Si hubiera podido enterarme del contenido de toda la nota, del sentido completo del aviso que mi amigo había intentado enviarme, estoy convencido de que este aviso, aunque me hubiese revelado la historia del desastre más inexplicable, no me habría causado ni una pizca del horror atroz e inexpresable que me inspiró la advertencia fragmentaria recibida de aquel modo. Y, además, la palabra sangre, esa palabra suprema —tan rica siempre en misterios, sufrimientos y terrores—, ¡qué trémula de importancia se me aparecía ahora!, ¡qué fría y pesadamente (aisladas, como estaban, de las palabras precedentes para calificarla y darle precisión) cayeron sus vagas sílabas, en medio de aquella sombría prisión, dentro de lo más recóndito de mi alma!

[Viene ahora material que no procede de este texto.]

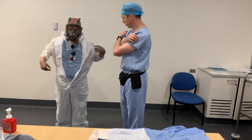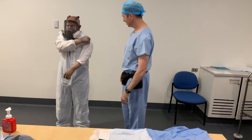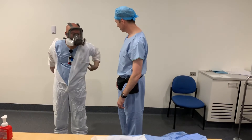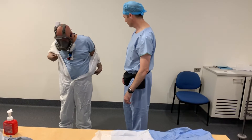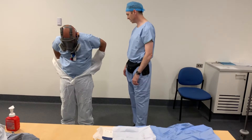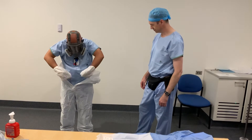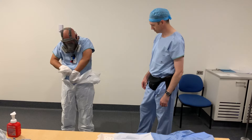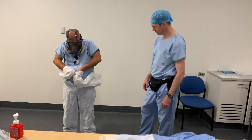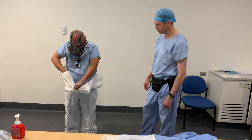It might be easier if you grab opposing shoulders. It can be tricky — just take your time and do it slowly. Peel it off — the gloves will come off with it. You can remove the gloves after if you have to. I taped them before, which is probably why they came off more easily.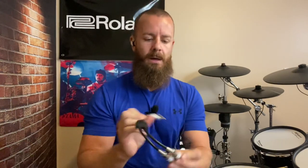Hey everybody, how you doing? I'm Barrett and I've got a very exciting electronic drum product that I want to talk to you about today. This is a cymbal splitter by mpfisher.com, www.mpfisher.com.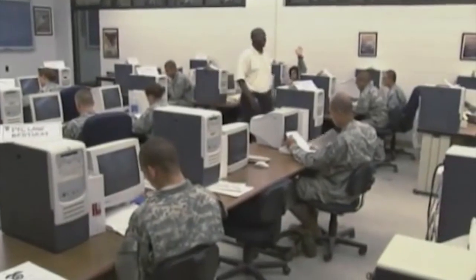The training to become a 92 Yankee includes the normal 10 weeks of basic training, and then from there you go off to eight weeks of AIT at Fort Lee, Virginia.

Indudablemente, Augustus había tenido sus buenas razones para desearme que siguiese oculto, y me forjé mil conjeturas acerca de lo que habría sucedido, sin dar con ninguna solución satisfactoria del misterio. Al volver de mi última expedición a la trampa, y antes de que mi atención se viese distraída por la singular conducta de Tigre yo había tomado la resolución de hacerme oír a toda costa por la gente de a bordo o, si esto no era posible, tratar de abrirme paso por el entrepuente. La casi seguridad que sentía de poder realizar uno de estos dos propósitos en último extremo me había dado un valor (que de otro modo no hubiese tenido) para soportar los males de mi situación. Pero las pocas palabras que había sido capaz de leer me quitaban estos últimos recursos, y ahora, por primera vez, sentí todo lo extremado de mi triste suerte. En el paroxismo de desesperación, me arrojé de nuevo sobre la colchoneta donde, por espacio de un día y una noche, permanecí en una especie de estupor, aliviado tan sólo por momentáneos intervalos de raciocinio y de recuerdos.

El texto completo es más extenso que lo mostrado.